▶

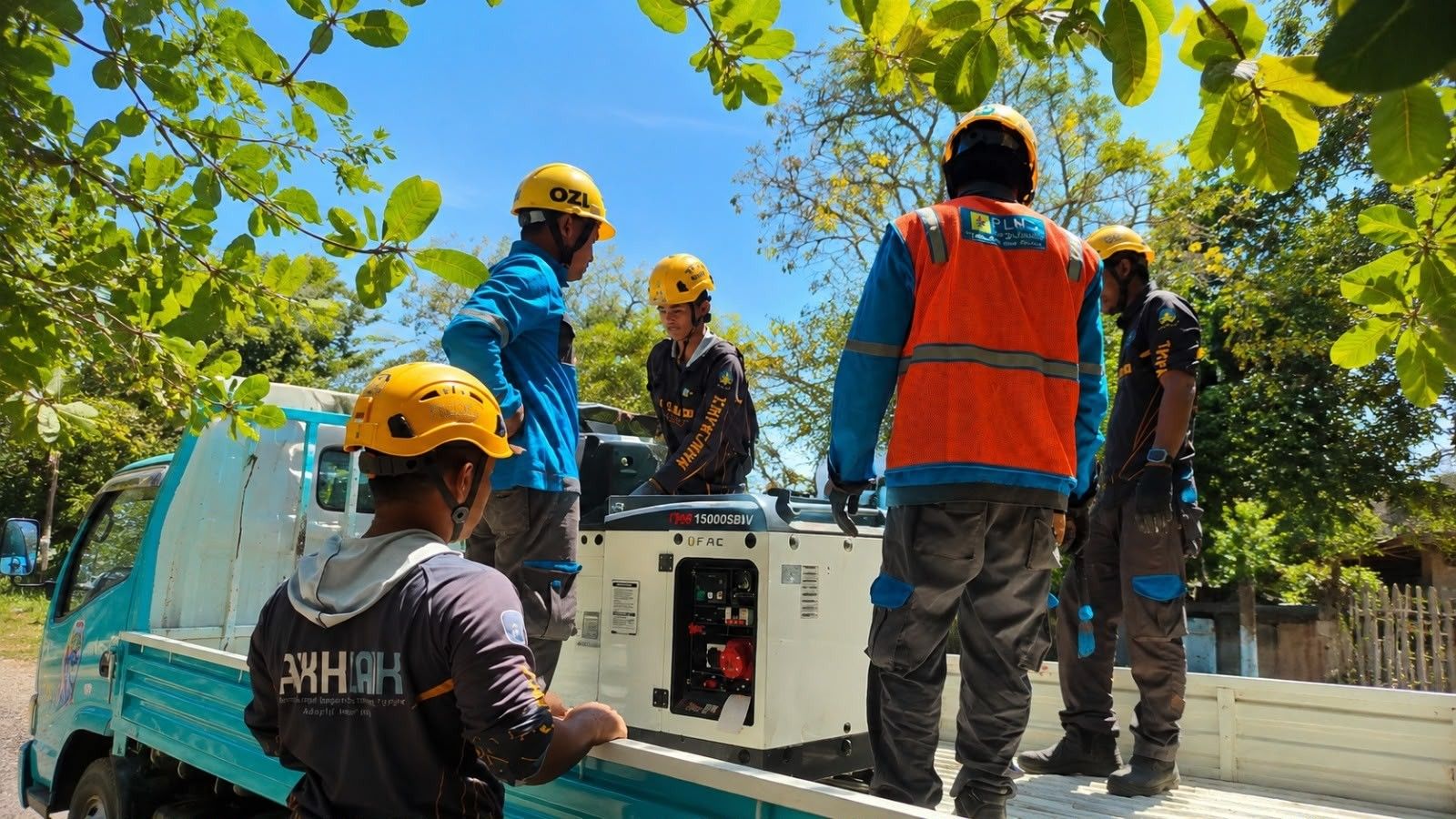 Siap Dukung KEK Samota, PLN Jamin Pasokan Listrik Andal di Sumbawa Saat Kunjungan Wamen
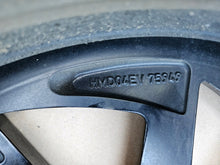 Load image into Gallery viewer, 1x Alufelge 19 Zoll 7.5" 5x114.3 49 5ET Glanz Silber HMD04EV Hyundai Ioniq 5 FEL2565895935wp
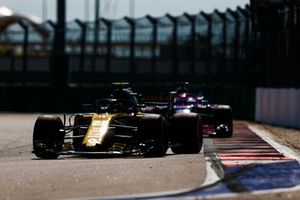 Carlos Sainz Jr., Renault Sport F1 Team R.S. 18, devant Sergio Perez, Racing Point Force India VJM11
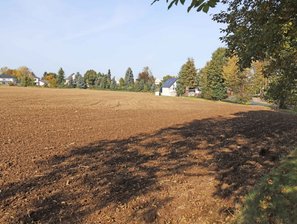 In Zug entsteht Platz für bis zu 45 Eigenheime - Auf diesem Areal entlang der Zuger Hauptstraße soll ein neues Wohngebiet entstehen.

◀

YOUR ASSIGNMENT >> Once the pictures are set aside, give the listing again word for word.

RESPONSE BELOW >>
 Siap Dukung KEK Samota, PLN Jamin Pasokan Listrik Andal di Sumbawa Saat Kunjungan Wamen
 Load image into Gallery viewer, 1x Alufelge 19 Zoll 7.5" 5x114.3 49 5ET Glanz Silber HMD04EV Hyundai Ioniq 5 FEL2565895935wp
 Carlos Sainz Jr., Renault Sport F1 Team R.S. 18, devant Sergio Perez, Racing Point Force India VJM11
 In Zug entsteht Platz für bis zu 45 Eigenheime - Auf diesem Areal entlang der Zuger Hauptstraße soll ein neues Wohngebiet entstehen.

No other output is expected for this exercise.